DESCRIPTION OF THE TASK:
Your answer should contain only the lines from the top of the data below down through the one with "Maison - 210 m² - 8 pièces", transcribed exactly and without pictures; please include nothing more.

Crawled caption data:

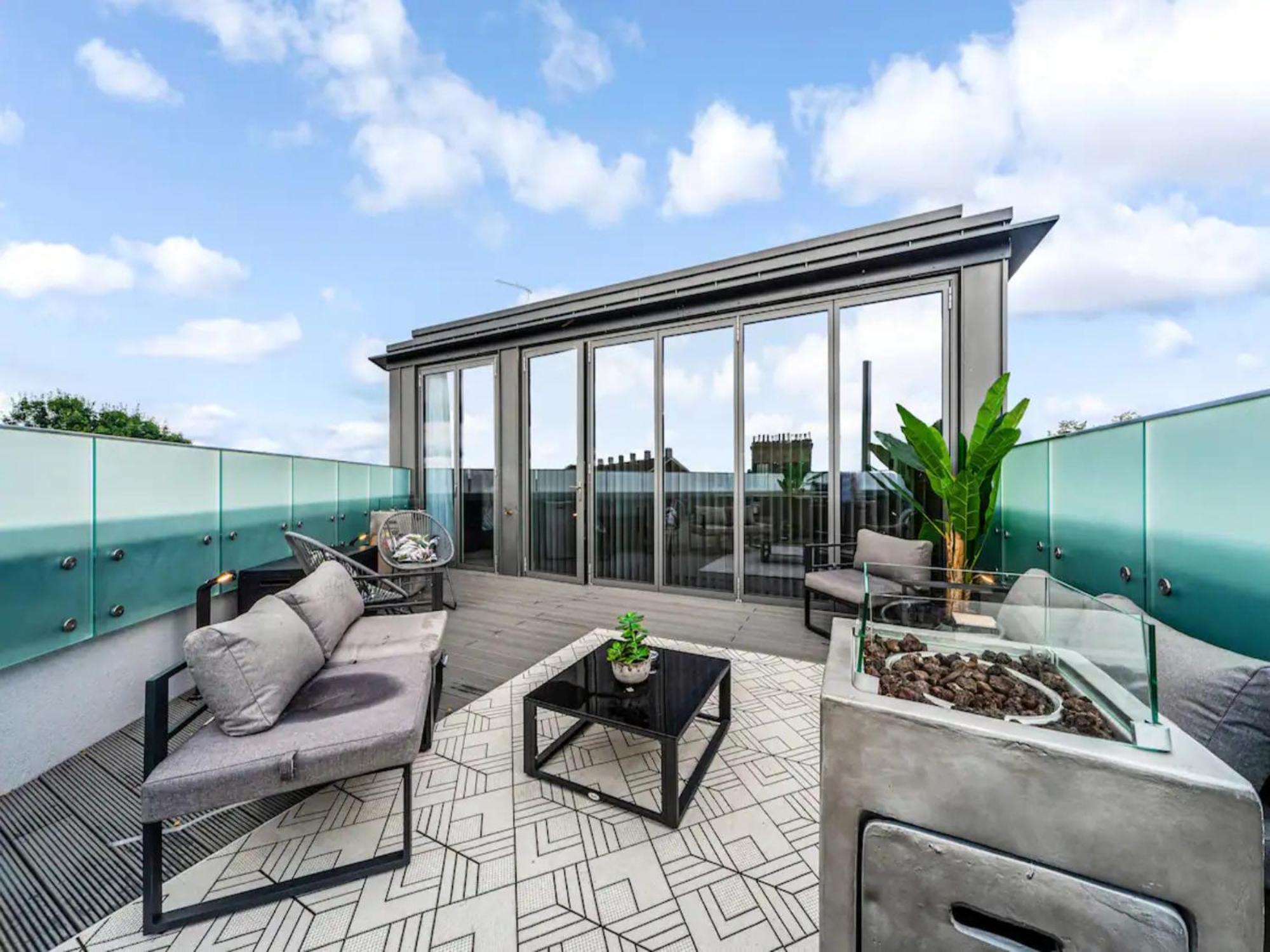Appartement Pass The Keys Penthouse Oasis In Trendy Fulham à Londres Extérieur photo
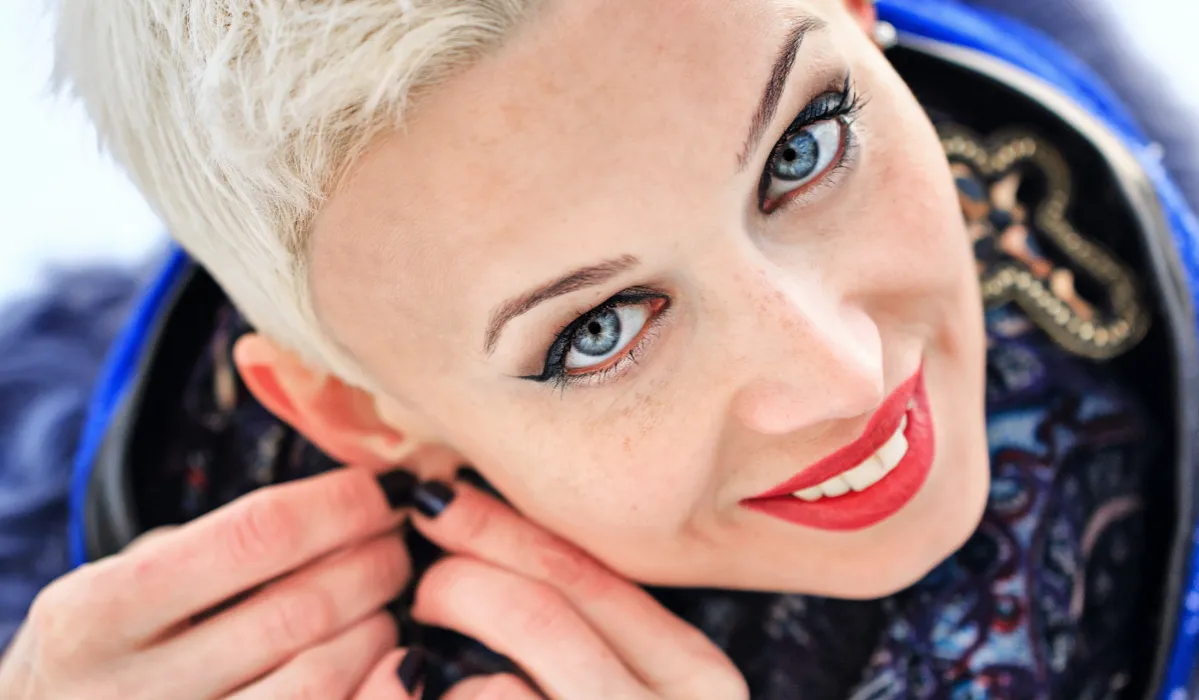 różne typy kolczyków do krótkich włosów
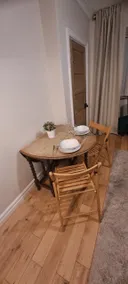 3 Bed Home sleeps 6 in Heart of Cardiff Free Parking - Image 4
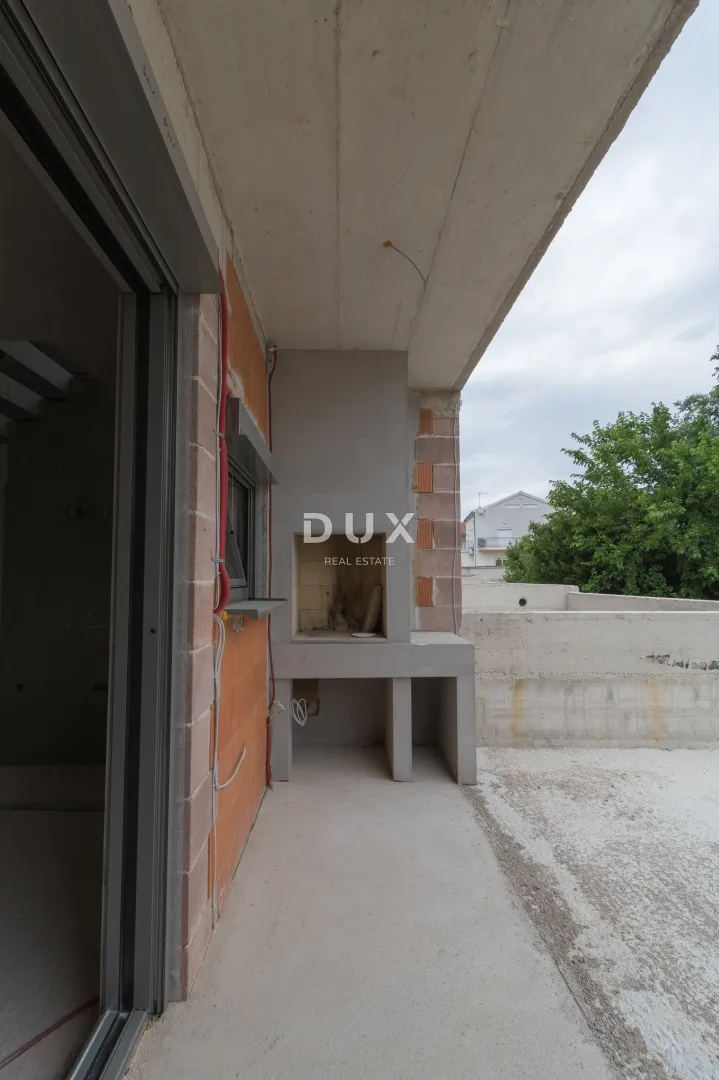 vodice, trosobni dupleks stan, 83,56 m² - slika 9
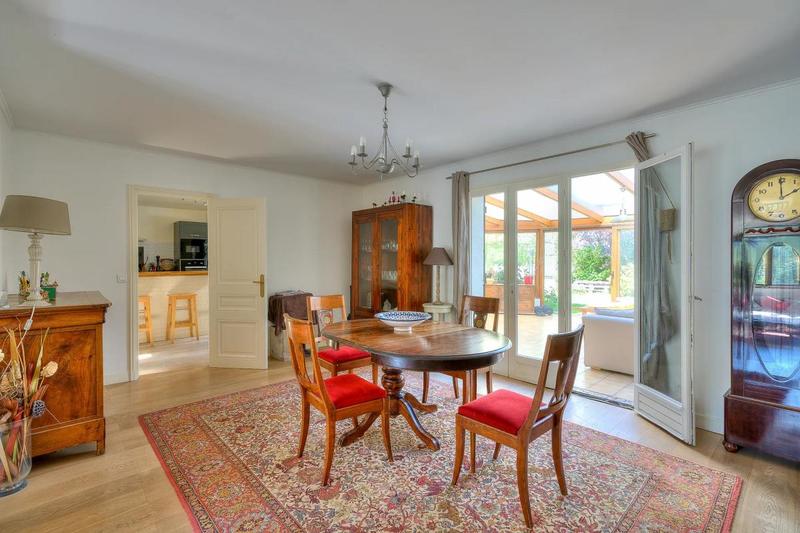 Maison - 210 m² - 8 pièces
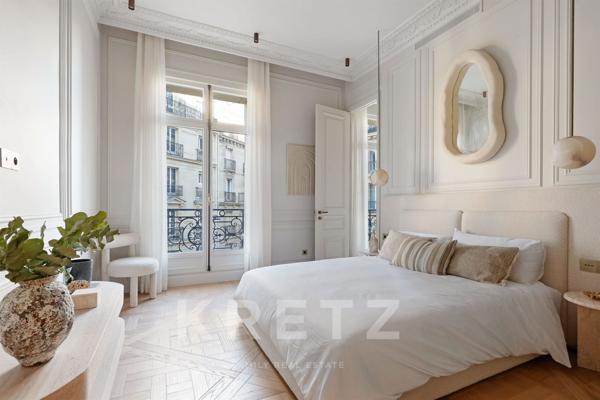 Paris 16ᵉ – Chaillot – Élégant 3 pièces  de prestige avec balcon filant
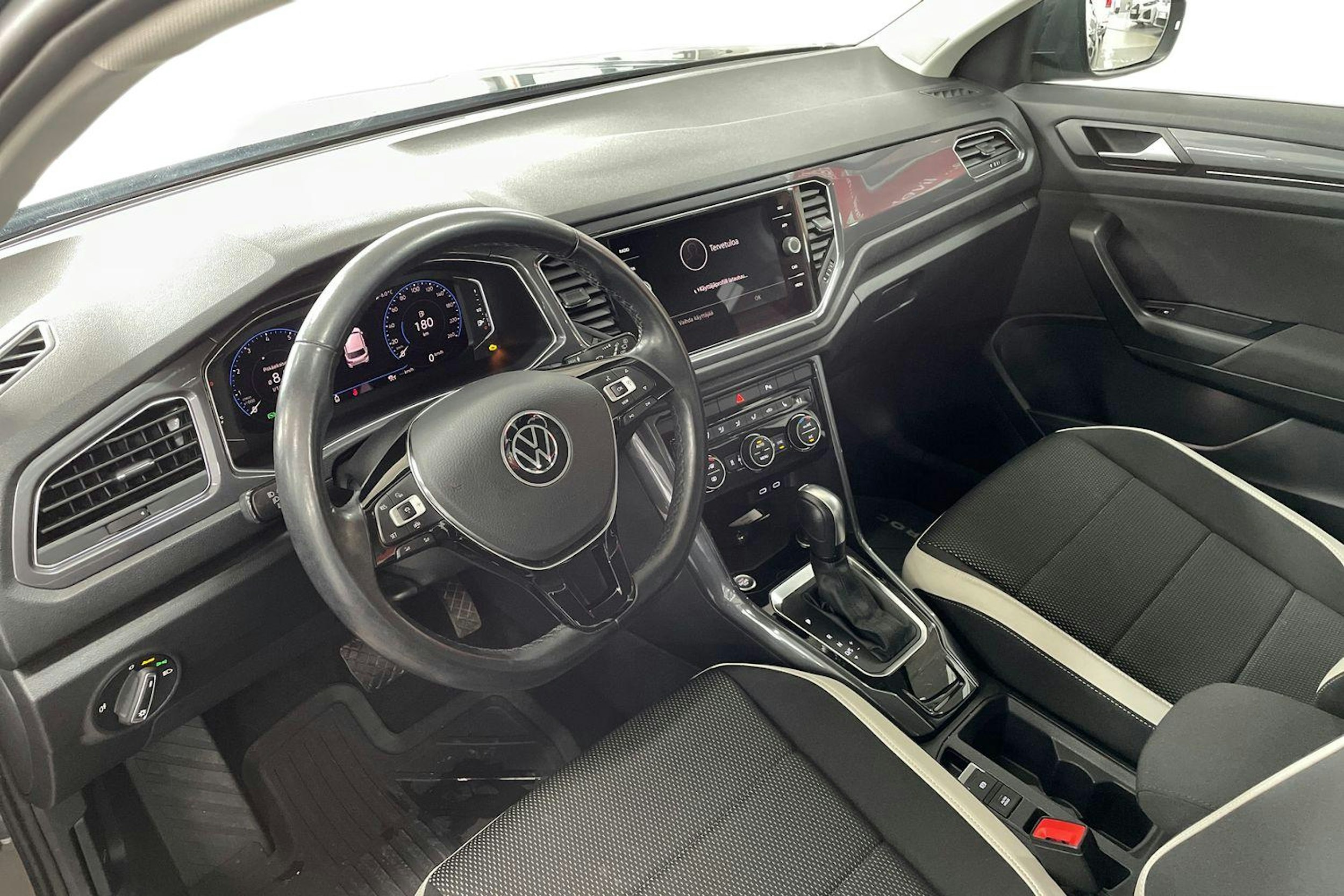 Harmaa Volkswagen T-Roc 2021 kuva 7.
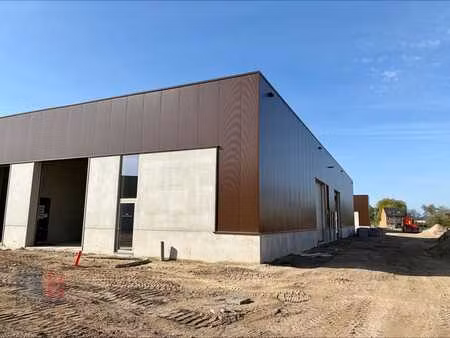 unité pme neuve de 154 m² à proximité de l’e314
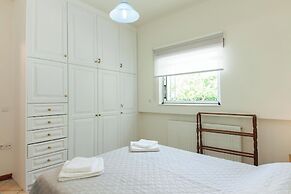 Deluxe 3 Bd House near Lagonisi w Garden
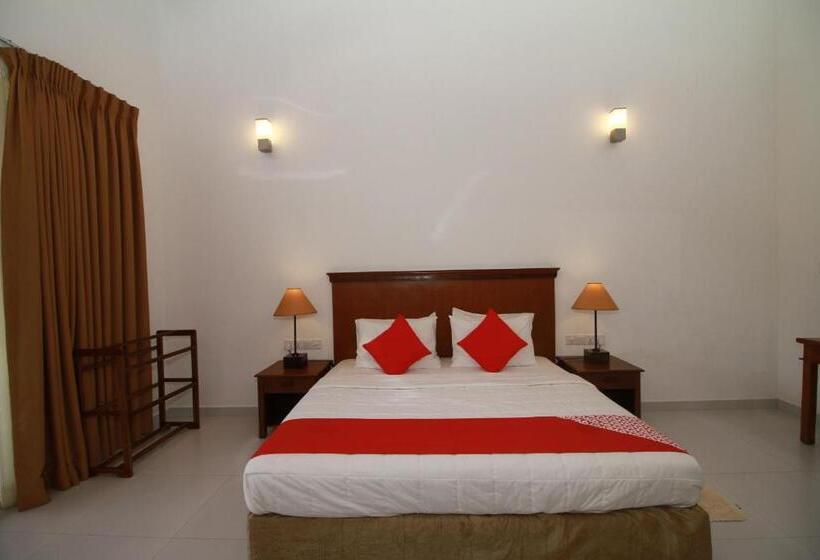 발코니 디럭스 룸, Garden Beach Hotel Kalutara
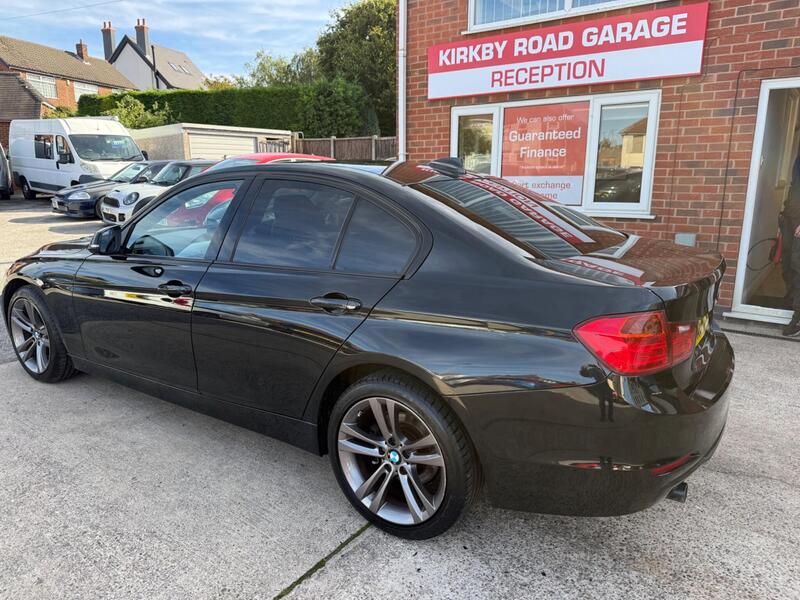 BMW 3 Series view 3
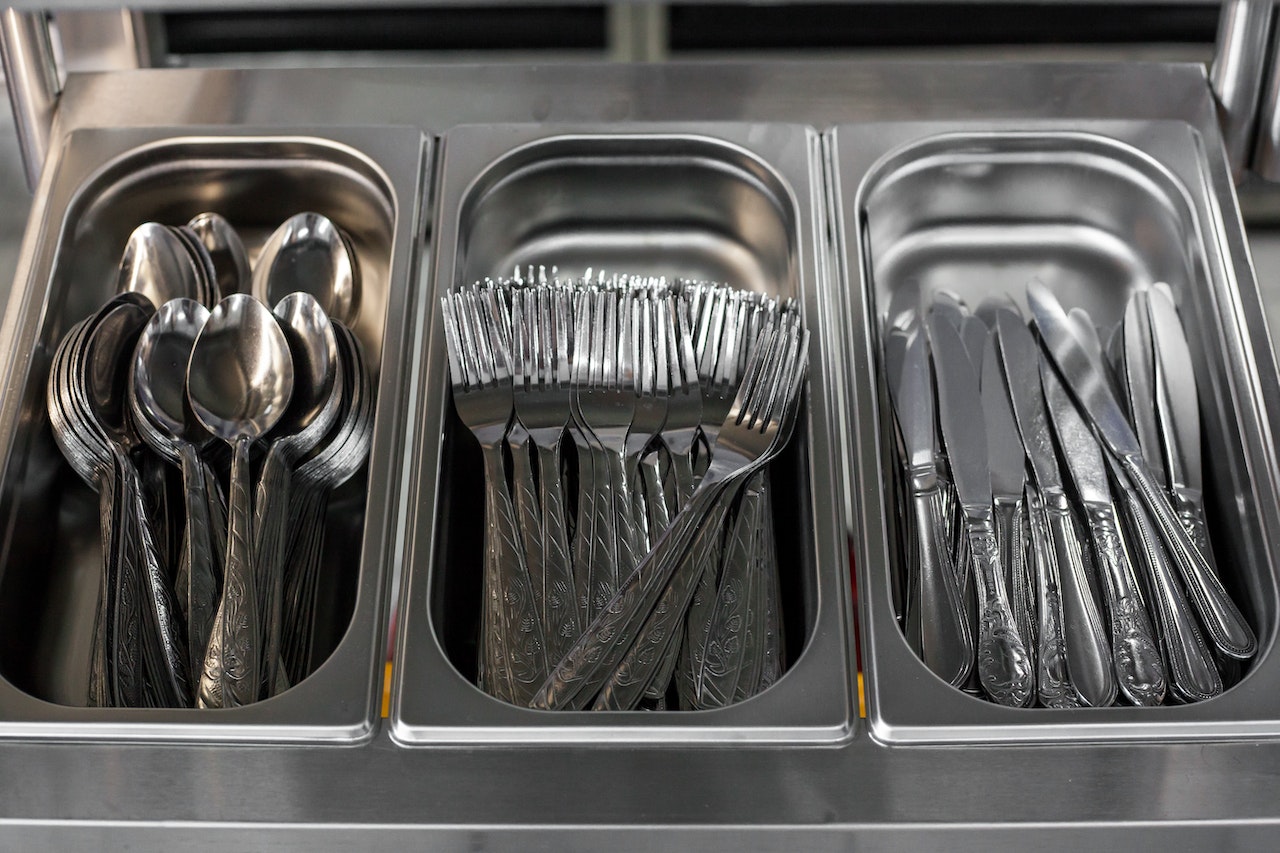 Clean Kitchen Silverware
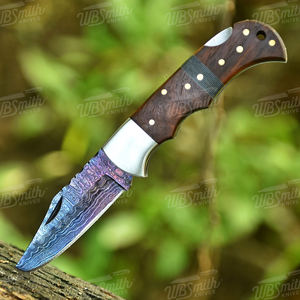 Cuchillo Plegable Artesanal de Cobre Damasco con Mango de Cuerno de Carnero y Madera de Palisandro, Cuchillo de Bolsillo para Camping, Personalizado para OEM - Product Image 4
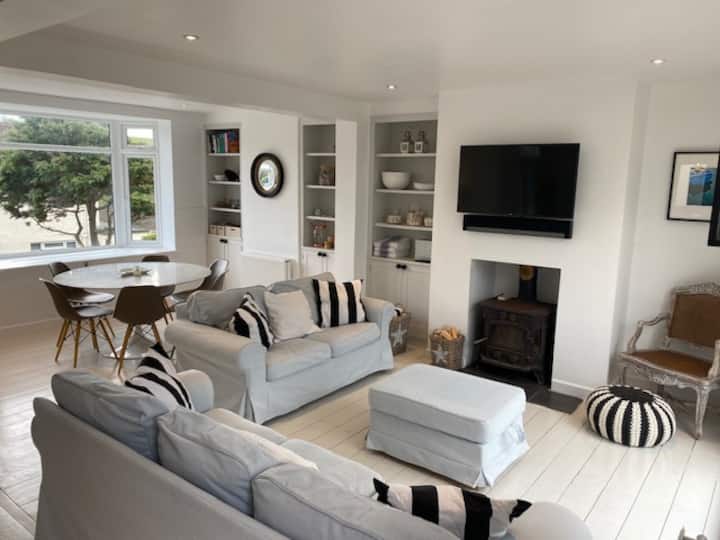 Perfectly located Devon home with stylish decor Houses for Rent in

COMPLETED TASK:
Appartement Pass The Keys Penthouse Oasis In Trendy Fulham à Londres Extérieur photo
 różne typy kolczyków do krótkich włosów
 3 Bed Home sleeps 6 in Heart of Cardiff Free Parking - Image 4
 vodice, trosobni dupleks stan, 83,56 m² - slika 9
 Maison - 210 m² - 8 pièces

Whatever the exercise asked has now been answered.